A maioria dos trabalhadores que construíram a via férrea era de alto escalão e moravam nas casas maiores. Depois, as moradias serviram para os operários que eram chamados a qualquer momento para atender as eventualidades. A proximidade do local de trabalho à moradia era um dos fatores valorizados na época. Segundo o livro Memória Cidadã, a família era uma garantia de produção e ordem. As escolas eram vistas como fundamentais para que fosse disseminado o modo de pensar da classe dominante. Já para que não fosse comprometida a organização imposta pelos empregadores havia uma valorização da religião, de atrações inócuas como o cinema. O esporte também possuía seu espaço de destaque para o futebol, com a criação do Rio-Grandense Futebol Clube. O time era formado por ferroviários.
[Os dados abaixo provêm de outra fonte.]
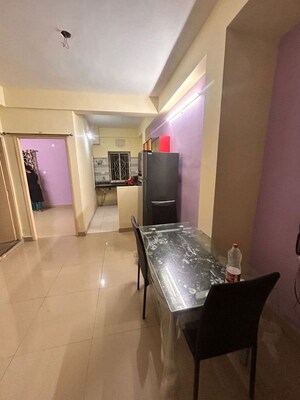 Team Area in 2 BHK Apartment at Realtech 16 Aana, Rajarhat – for Rent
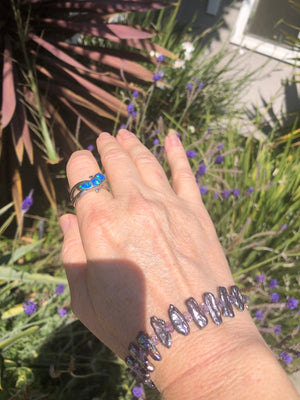 Vintage baroque black / purple pearl beads bracelet sterling silver 925 Abstract uneven shaped beaded Iridescent Unusual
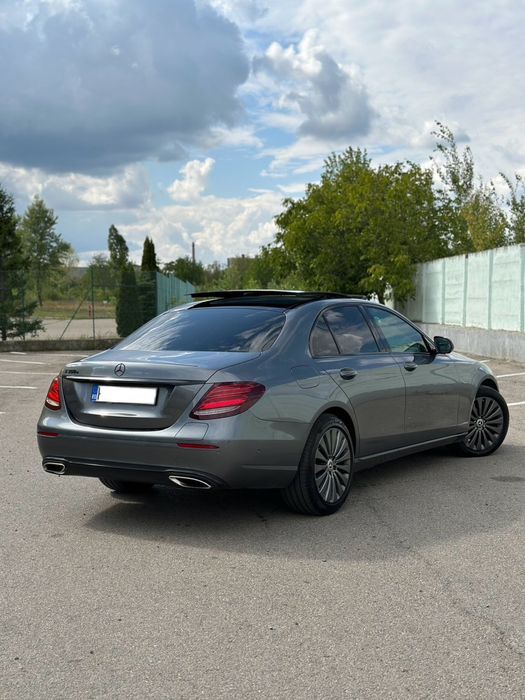 Vand/schimb mercedes e350e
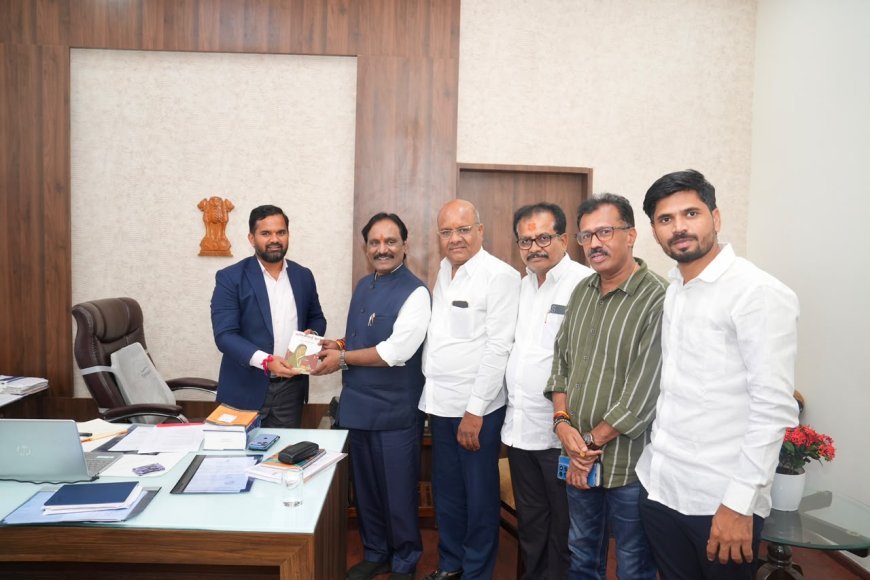 मराठवाडा मंत्रीमंडळ बैठकीतील घोषणा तीन वर्षानंतरही अपूर्ण, अंबादास दानवे यांची विभागीय आयुक्तांशी चर्चा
As casas no estilo Art Noveau, com paredes altas e robustas e com peças e aberturas grandes estão localizadas em quatro ruas: Manoel Ribas, Ernesto Beck, Dr. Wauthier e André Marques. Do total das casas, quarenta são germinadas e tem portas nas fachadas. Nas individuais a porta é na lateral. Algumas residências têm formato retangular, outras em L ou C. A semelhança está no fato de que “todas estão alinhadas junto à via pública e com pequeno recuo lateral.”. Hoje, nenhuma das residências conserva a cor original, cinza. Todas elas têm janelas do tipo guilhotina, algumas com meias venezianas e outras com venezianas inteiras. Os moradores da vila operária não eram proprietários dos imóveis, mas tinham o interesse de ser. Em 1997 seria feito um leilão do conjunto habitacional aos interessados em geral, não só aos ferroviários. Uma decisão judicial anulou esse leilão previsto para agosto de 1997. Em novembro do mesmo ano foi realizado um arremate das casas, mas desta vez a preferência foi dos moradores.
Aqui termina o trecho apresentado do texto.